Singh told the Free Press she takes into account late-night partying after victories.
“But what I’ve always told them: 'On those days, when life happens, and you know you might not get enough sleep, the secret is to get enough sleep beforehand and then playing catch up once things settle down.'”
That’s exactly what the Nationals did in between the NLCS sweep and the World Series start in Houston. Sean Doolittle told NBC Sports Washington he woke up at 11 a.m. the day after clinching, walked the dogs, picked up bagels and then went back to sleep until 5:30 p.m.
Why sleep matters
Young adults ages 18 to 25 and adults ages 26 to 64 are recommended to get seven to nine hours of sleep a night, per the National Sleep Foundation. The foundation also recommends having a strict sleep schedule. But most don’t get close to that and struggle with going to bed on time.
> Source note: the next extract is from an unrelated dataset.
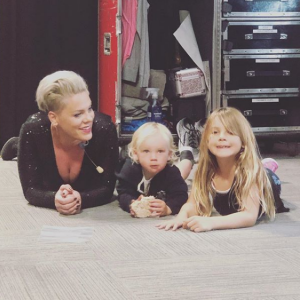 Pink et ses enfants, Jameson et Willow, sur Instagram en mars 2019.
Professional athletes are no different. Their work schedule varies, they travel a lot through different time zones and baseball players have a grueling schedule. It could be characterized as “shift work,” which causes circadian disruption and was classified as a probable human carcinogen by the World Health Organization’s International Agency for Research on Cancer.
Getting enough sleep optimizes reaction time, accuracy, decision-making, ability to prevent injuries and recovery from injuries.
Singh’s presentations at the MIT Sloan Sports Analytics Conference goes more in-depth on the importance of sleep and its impact.
In the NBA, Tobias Harris called sleep deprivation a looming issue that he believes will be talked about the same way concussions are talked about in the NFL.